» **WHAT IS BEING ASKED**:
Your job with the data below: print everything from the line that holds "If I just click, I" down to the line that holds "Another important point: when", ends included, exactly, and nothing else.

» **RECORDS SHOWN**:
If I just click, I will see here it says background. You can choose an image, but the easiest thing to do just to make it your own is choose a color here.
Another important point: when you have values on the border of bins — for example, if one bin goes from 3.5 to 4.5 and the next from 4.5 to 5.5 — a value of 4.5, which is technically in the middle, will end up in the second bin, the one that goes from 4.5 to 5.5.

--

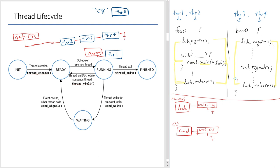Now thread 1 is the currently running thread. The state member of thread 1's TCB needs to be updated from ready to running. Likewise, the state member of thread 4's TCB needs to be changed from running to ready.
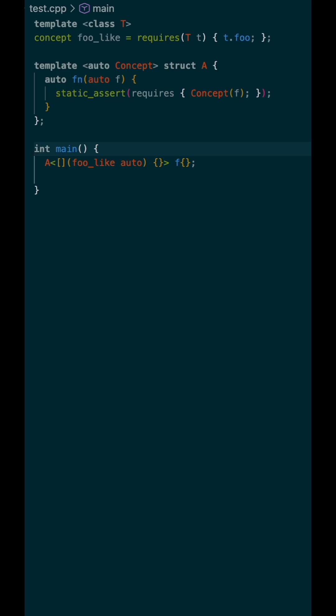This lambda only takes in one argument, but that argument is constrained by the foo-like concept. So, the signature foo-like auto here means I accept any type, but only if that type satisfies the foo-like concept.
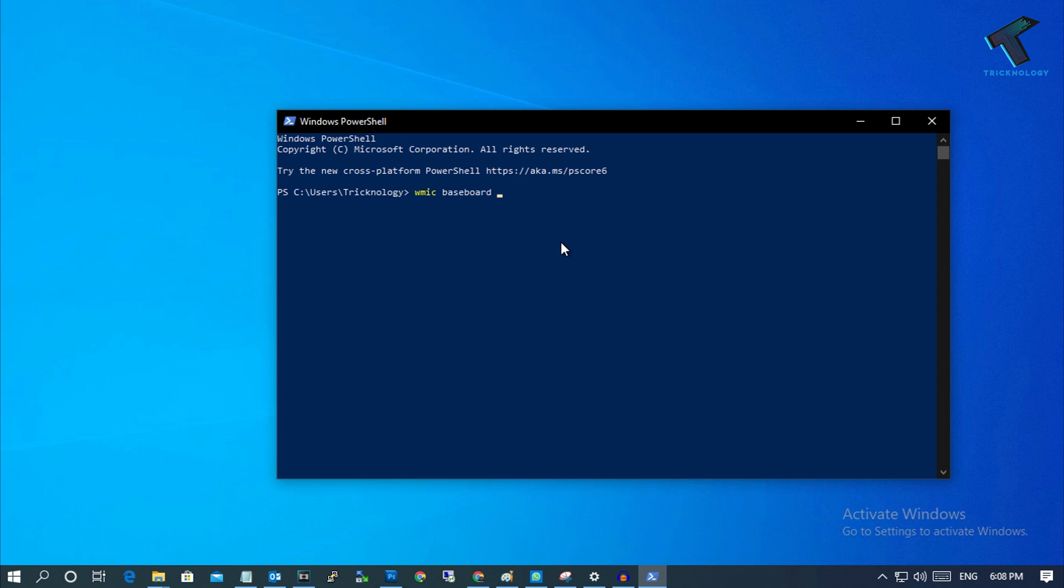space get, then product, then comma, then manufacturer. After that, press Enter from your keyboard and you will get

» **ANSWER SECTION**:
If I just click, I will see here it says background. You can choose an image, but the easiest thing to do just to make it your own is choose a color here.
Another important point: when you have values on the border of bins — for example, if one bin goes from 3.5 to 4.5 and the next from 4.5 to 5.5 — a value of 4.5, which is technically in the middle, will end up in the second bin, the one that goes from 4.5 to 5.5.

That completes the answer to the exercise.